Task prompt: With pictures left out, output exactly the lines of the listing below from the line that has "Snapshot of amara_silk" to the line that has "Anciano con bastón", both lines kept.

Material provided:
- - - - - - -

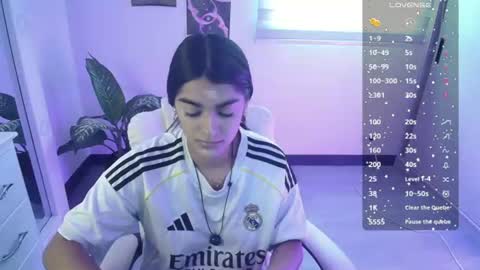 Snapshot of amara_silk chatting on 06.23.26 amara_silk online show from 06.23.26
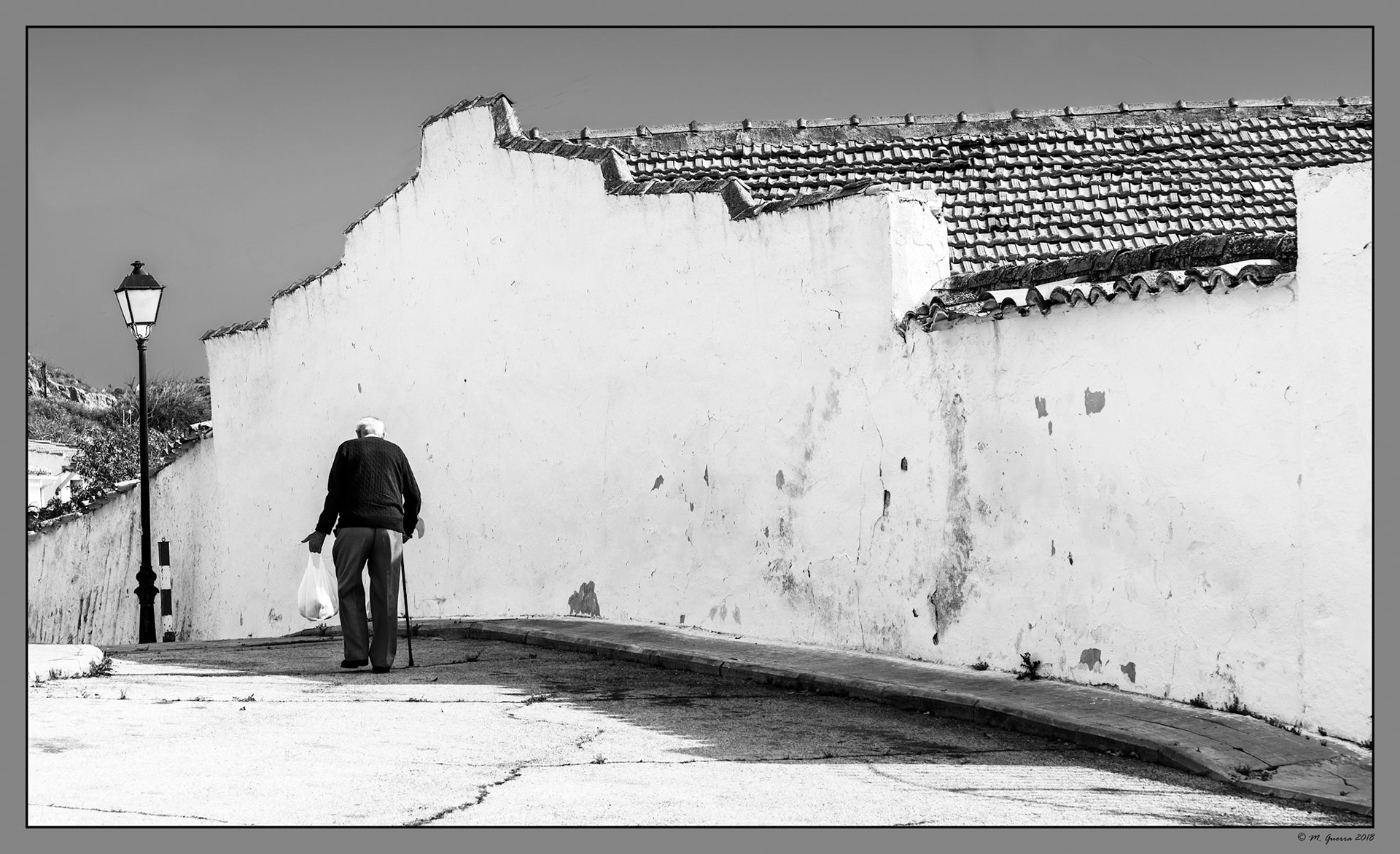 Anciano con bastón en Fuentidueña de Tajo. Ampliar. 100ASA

- - - - - - -

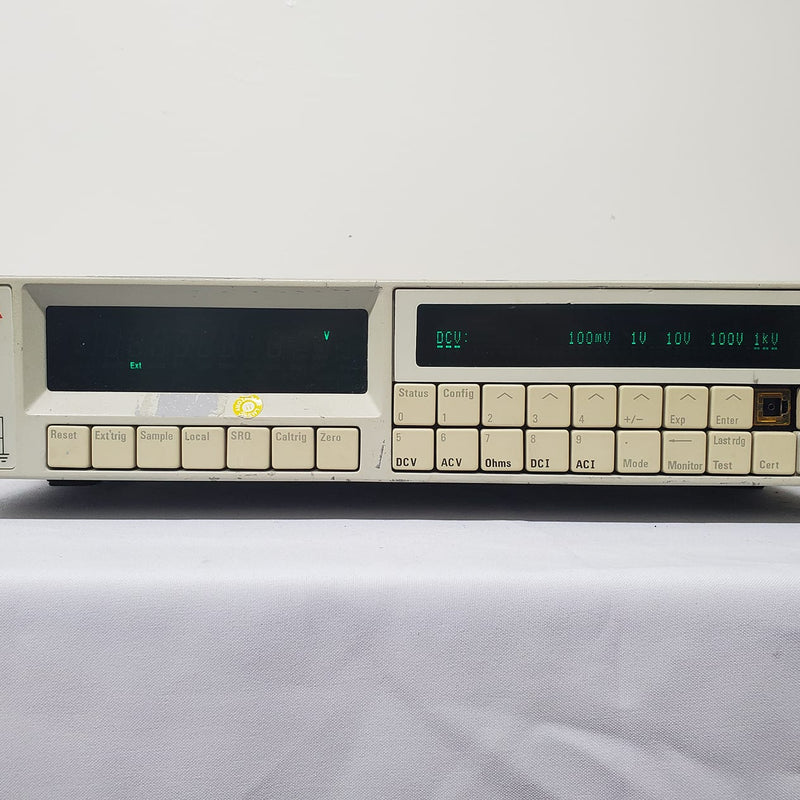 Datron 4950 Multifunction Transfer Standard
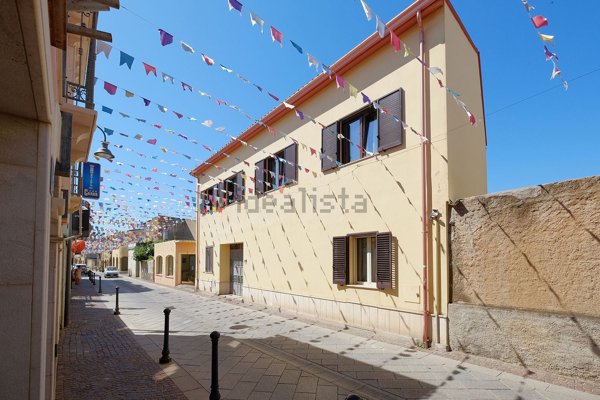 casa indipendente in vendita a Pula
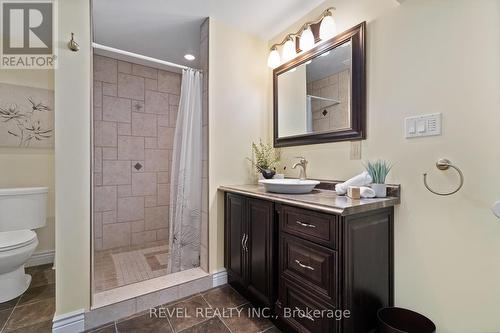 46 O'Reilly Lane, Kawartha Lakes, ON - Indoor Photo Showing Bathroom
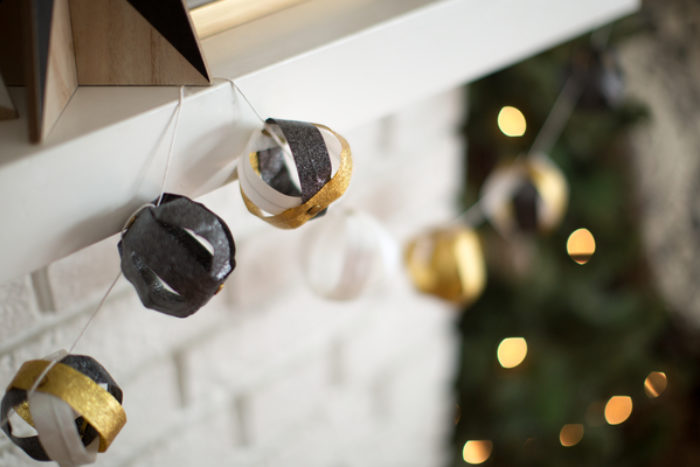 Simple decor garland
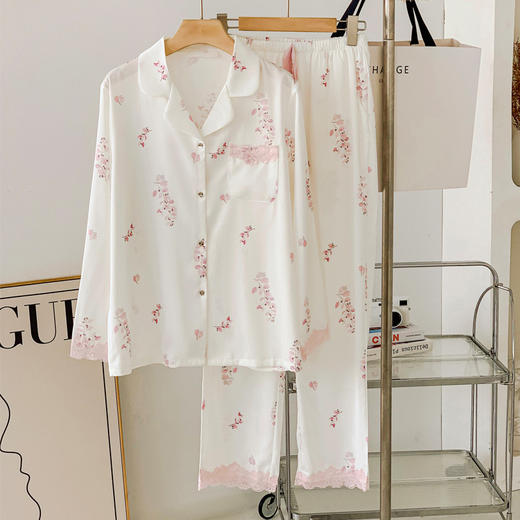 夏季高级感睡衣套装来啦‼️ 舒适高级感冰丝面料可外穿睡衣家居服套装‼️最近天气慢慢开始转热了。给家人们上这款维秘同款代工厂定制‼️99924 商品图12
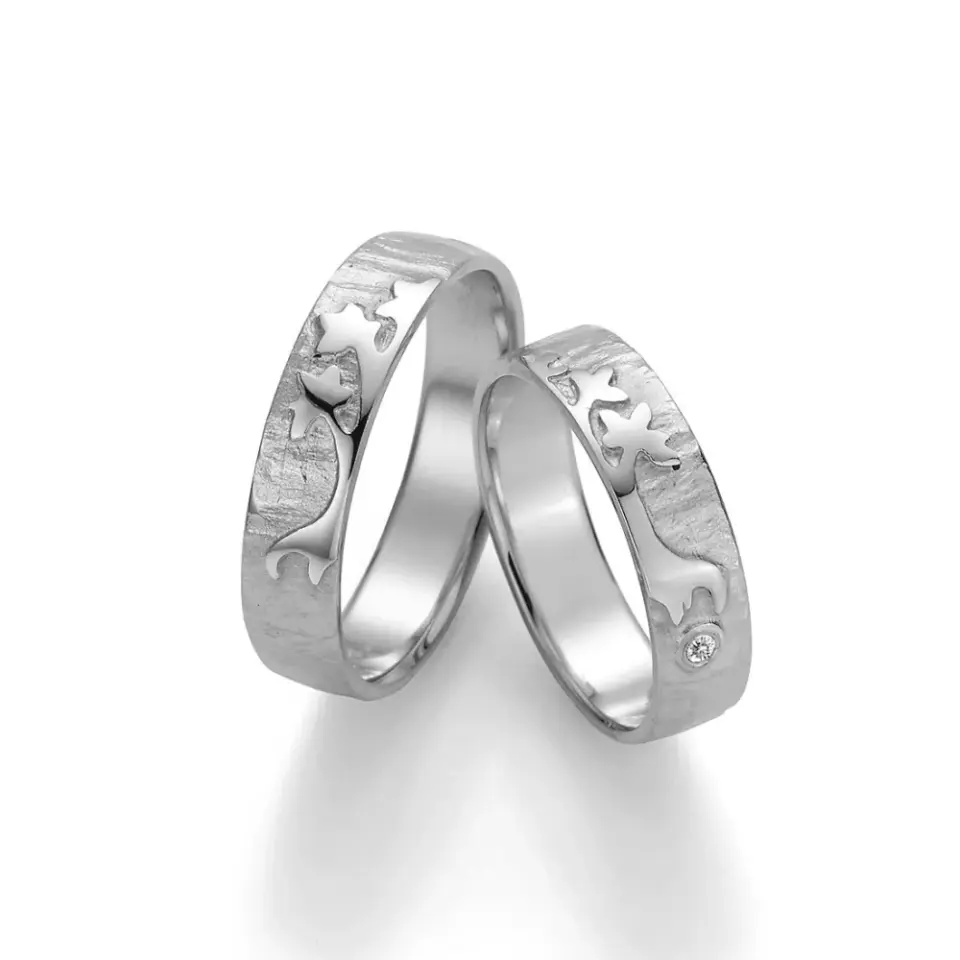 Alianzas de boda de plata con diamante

- - - - - - -

Result:
 Snapshot of amara_silk chatting on 06.23.26 amara_silk online show from 06.23.26
 Anciano con bastón en Fuentidueña de Tajo. Ampliar. 100ASA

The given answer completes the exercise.